All along the trail you see graffiti. I thought this was a shame until I began to notice that some of the graffiti that had been scratched into the rock bore dates in the 1800s. I was looking at a century-old defacement. I then saw beside them what the signs on the trail identified as ancient cave drawings and I had to wonder when defacement becomes an historical treasure.

I will never forget the sites as we journeyed down in to the canyon. Native Americans called the canyon the House of Stone and Light and when you travel down the depths, the reason becomes obvious. Every time we took another five steps, the canyon changed. I had seen the canyon many times from high atop the 7,000-foot cliff, but it was never the same one I saw in the midst of that hike. Each time I looked during the hike it was a different place.

There is no way to describe it; no picture can catch more than the most fleeting glimpse of it. It is one of the most soul awakening places I’ve ever seen. The very starkness and arid solidity of the Grand Canyon exudes what can only be termed “majesty”.

It’s solid rock in layers of color and reflection and contrast. We had to stop to gape and gawk, and even if I hadn’t been smoking two packs a day at the time, we still would have stopped just as often - I think.

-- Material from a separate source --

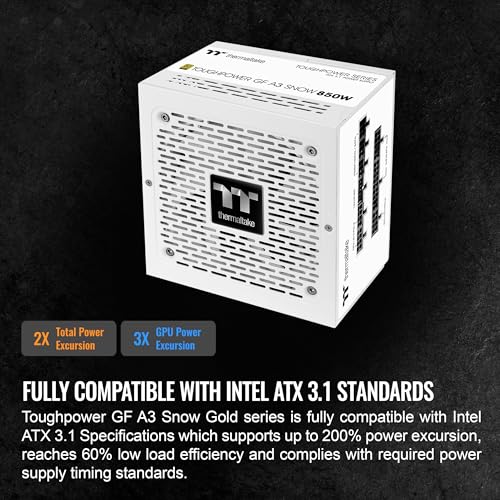 Image of Thermaltake Toughpower GF A3 Snow Edition 850W 80+ Gold Full Modular SLI /Crossfire Ready ATX 3.1 Power Supply; PCI-E 5.1 450W 12V-2x6 Connector Included; PS-TPD-0850FNFAGU-N; 10 Year Warranty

We had plenty of food, and plenty of water, but what we ran out of was daylight. When the sun when down, not only was it too dangerous to continue hiking, but the heat left in one huge updraft and all the sweat we had collected on the way froze.

We found an outcropping and set up camp for the night. I finally was able to remove my boots and then thought that I might not be able to put them back on the next morning, as my feet were now easily a size 16.

I slept with them on and in the morning we decided that we should have started with something a little easier than Hermit Trail.

We were only a little way from the springs, but decided to go back out.

Uh huh.

Right

In the first 1½ miles, we had come down nearly 170 feet. Now we had to go back up again.

With my swollen feet.

That day I experienced my very first heat stroke.

My wife, though tired and hurting as much as I was, panicked as I sat down and contemplated spending my retirement days on the very rock beneath me. She ran the last ½ mile to get help, then came back to lead the help to me.

What she found was a hiker who was more experienced, thinner and a non-smoker. He had gone down to the springs as a day-trip. I hated him instantly. I did, however take some of his salt-tablets and with a nod to the first episode of Star-Trek and the salt sucking monster (Nancy Crater – I can’t believe I remember that!), I did manage to pull myself back up to the rim, leaning on my wife the entire time.

I celebrated my delivery from the rocky-heat-stroke-death by having a cigarette.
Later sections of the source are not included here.